Typically, the parashot (weekly Torah portions) Vayakhel and Pekudei are combined together into a single reading. Occasionally, like this year, however, they are separated, because it’s a Hebrew leap year. Unlike the civil Gregorian calendar that adds February 29th once every four years (except in years divisible by 100 but not by 400), a leap year in the Hebrew calendar adds a thirteenth month to keep the calendar aligned with the seasons.

The Scriptures command us to celebrate Passover in the spring at the time of the ripening of the barley, so the Jewish calendar has to be a solar calendar. But in another place, it also commands us to remember the new moon days, so the Jewish calendar has to be a lunar calendar.

hillel-calendar

However, 12 lunar cycles are shorter than the solar year by about 11 days (as in the Muslim calendar, for example), and the Gregorian solar calendar is not aligned with the new moons. Even though the lunar year and the solar year aren’t synchronized, the Hebrew calendar builds on the cycles of the moon while occasionally adding an additional intercalary month (according to a fixed 19-year cycle) to catch up to the appropriate season of the solar year.

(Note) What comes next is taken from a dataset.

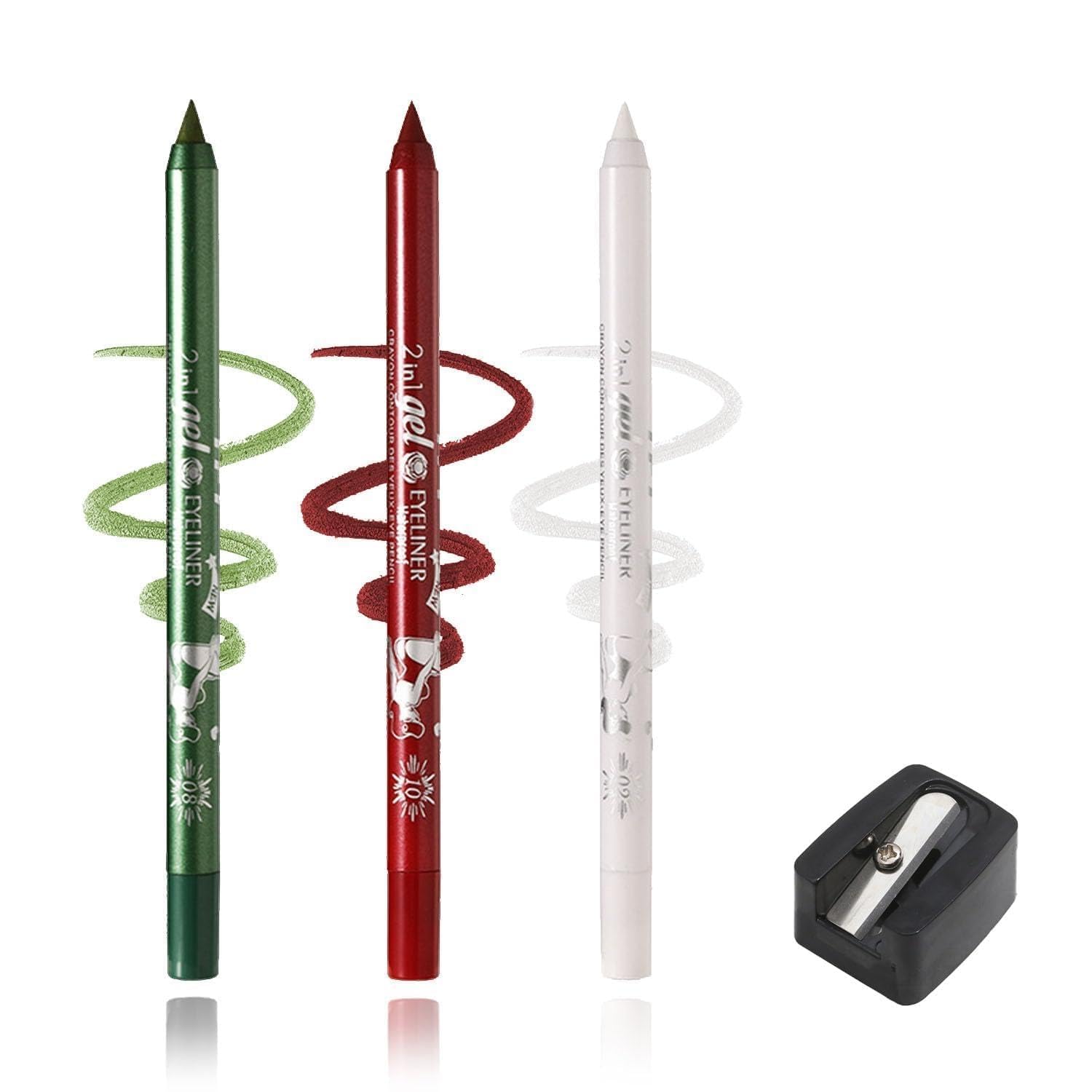 Three-in-One Gel Eyeliner Pencil Set with Sharpener for Waterline & Precise Winged Lines - Waterproof, Smudge-Resistant & Long-Lasting Eye Makeup in Vibrant Green, Deep Red & Bright White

That way, if Passover is coming, but it’s still winter, then an additional month called Adar II is inserted before Adar I, and returns Aviv and Passover to the spring time.

The Torah reading cycle is for an entire year, but of course if a whole additional month is inserted into the year, then four additional readings need to come from somewhere. For this, some Torah readings that are combined in a regular year will be separated in a leap year in order to schedule portions to read each week of the added month.

There are 54 Torah portions in total, and automatically a handful of any year’s Shabbat readings will be replaced by holiday readings. So in a regular year, 14 pairs of Torah portions are read together as double portions, and in the case of an intercalary year, four of those pairs are split up (Vayakhel-Pekudei, Tazria-Metzora, Acharei Mot-Kedoshim, BeharBechukotai). That is the reason why Pekudei is separate from Vayakhel this year.

The lunisolar Hillel II calendar is actually a brilliant invention that filled a desperate need. Originally, the new moons were formerly sighted by multiple witnesses and officially declared throughout Israel. But after the Second Temple destruction and the subsequent dispersion, it was impractical to declare the new moon to every Jewish community in the world, and under Constantius II, it was actually outlawed.

As a remedy, the Sanhedrin instituted the Hillel II calendar in 359 AD/CE. In one sense it preserved uniformity among Jewish people abroad, but in another way it severed ties between Israel and the Diaspora.

The calendar itself, in general, is quite accurate, averaging 29.5 days per month and 365.2468 days per year (compared to the average solar year length of 365.2422). It allows for adding and subtracting a day in consecutive years as needed, so as to avoid waving the lulav on Shabbat, or landing Yom Kippur adjacent to a Shabbat.

Implementing the Hillel II calendar was the Sanhedrin’s last big decision before disbanding. Whenever the Hillel II calendar will be decommissioned in the future to return to sighting and declaring the New Moon days, it would have to be at the authority of a reconvened Sanhedrin.

So until then, this calendar is what unites Jewish people worldwide in celebrating the holidays on the same days, and reading the same Torah portion together each week.